Selain itu masih banyak lagi buku-buku yang bermanfaat. Apa yang kami sebutkan di atas hanyalah sebagai contoh, tidak berarti kami membatasi. Di samping itu, saat ini telah pula merebak kecenderungan buku-buku kecil dan praktis yang banyak bermanfaat. Kalau kita catat di sini, tentu tak memungkinkan, karena itu masing-masing hendaknya meminta pendapat orang ahli dan teliti dalam menyeleksinya. Dan sungguh, barangsiapa yang dikehendaki oleh Allah kebaikan, niscaya Ia akan pahamkan orang tersebut dalam masalah agama.
Nasehat (10): Perpustakaan Kaset di Rumah.
Tape Recorder di dalam rumah bisa berfungsi baik atau jelek. Bagaimana menjadikan penggunaannya diridhai oleh Allah ?
Diantara sarana untuk itu adalah menjadikan koleksi kaset yang ada di dalam rumah merupakan kaset-kaset Islami dan baik. Yakni rekaman dari para ulama, pembaca Al-Qur’an (qari’ ), penceramah, pemberi nasehat, khatib dll.

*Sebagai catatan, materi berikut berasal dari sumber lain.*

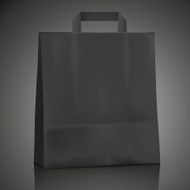 blank black shopping bag N2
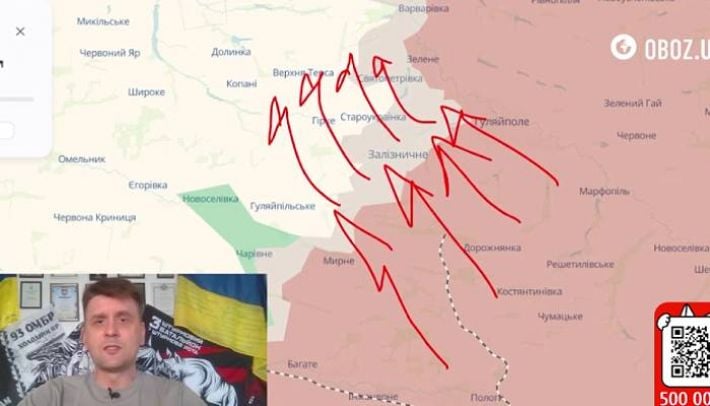 Существенно возросло число штурмов: возможен ли стратегический наступ РФ на Запорожском направлении?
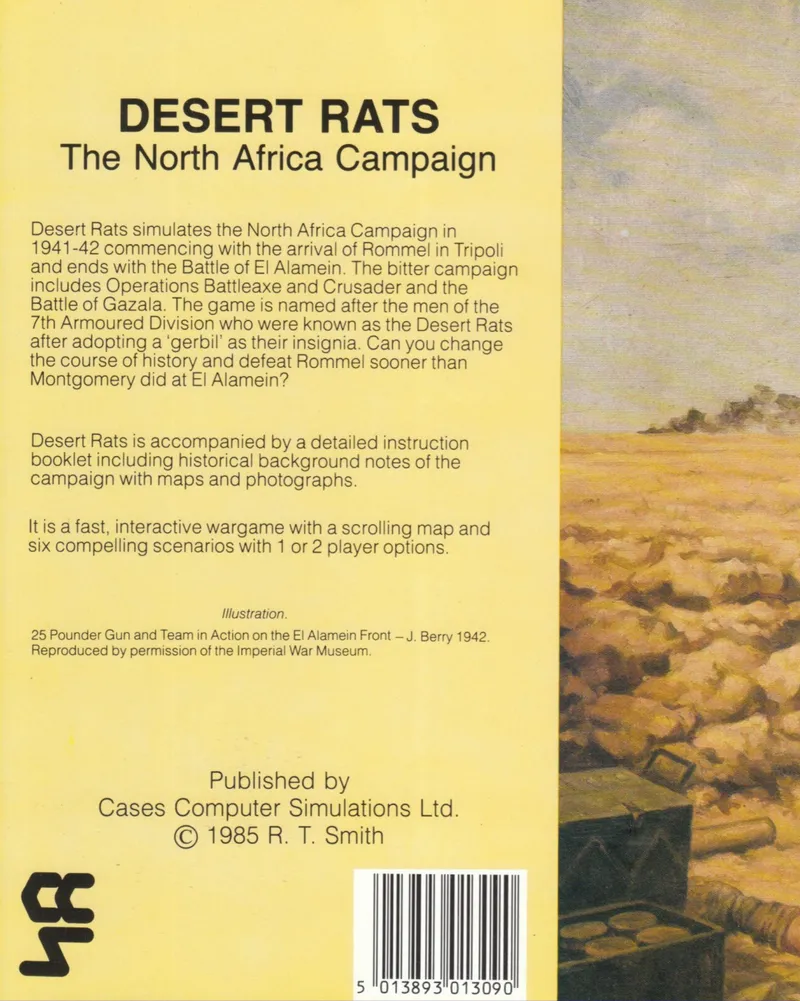 Desert Rats box back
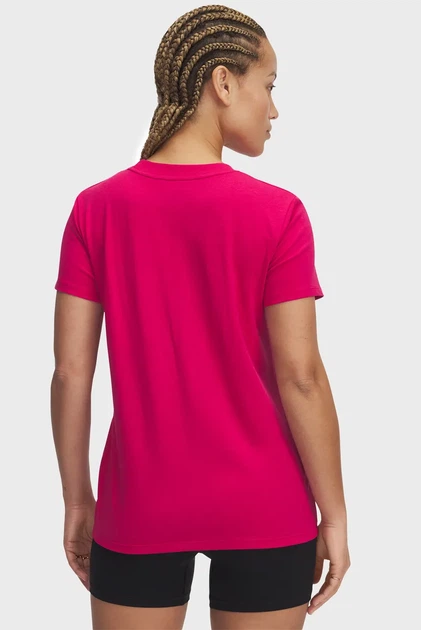 Жіноча малинова футболка UA Rival Core SS Under Armour XS 1383648-681 - Фото 2 Жіноча малинова футболка UA Rival Core SS Under Armour XS 1383648-681 - изображение 2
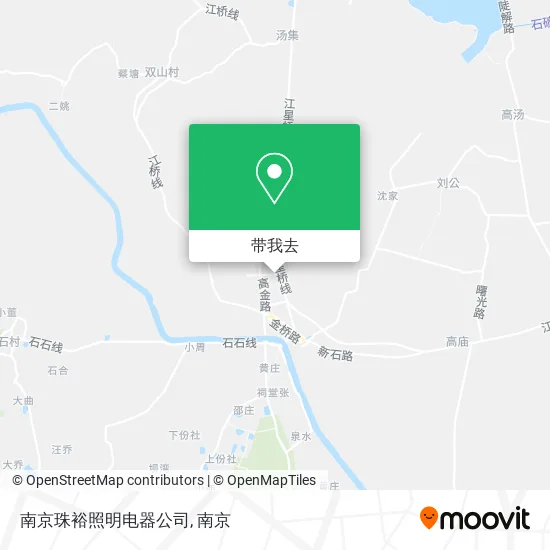 南京珠裕照明电器公司地图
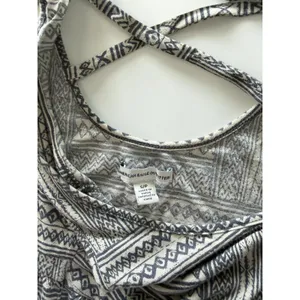 American Eagle‎ Outfitters Tribal Print Strappy Back Mini Dress Grey White Small thumbnail 3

Sungguh, mendengarkan kaset bacaan Al-Qur’an yang khusyu’ dari suara sebagian imam shalat tarawih misalnya, memiliki pengaruh besar bagi keluarga di rumah. Baik itu pengaruh dari makna yang terkandung di dalam Al-Qur’an maupun pengaruh terhadap hafalan mereka, karena senantiasa memperdengarkannya kembali, juga pengaruh segi penjagaannya dari pendengaran setan seperti lagu-lagu, sebab telinga dan hati tidak cocok untuk bercampur di dalamnya kalamullah dan lagu-lagu setan.
Betapa banyak kaset-kaset fatwa yang memberikan pengaruh dalam pemahaman fiqh anggota keluarga dalam berbagai persoalan yang mereka hadapi sehari-hari dalam kehidupan mereka. Di antara yang digagaskan dalam masalah ini yaitu mendengarkan fatwa-fatwa rekaman dari para ulama seperti fatwa Syaikh Abdul Aziz bin Baz, Syaikh Muhammad Nashiruddin Al-Albani,, Syaikh Muhammad Al-Utsaimin, Syaikh Shalih Al-Fauzan dan lain-lain dari ulama yang terpercaya keilmuan dan agamanya.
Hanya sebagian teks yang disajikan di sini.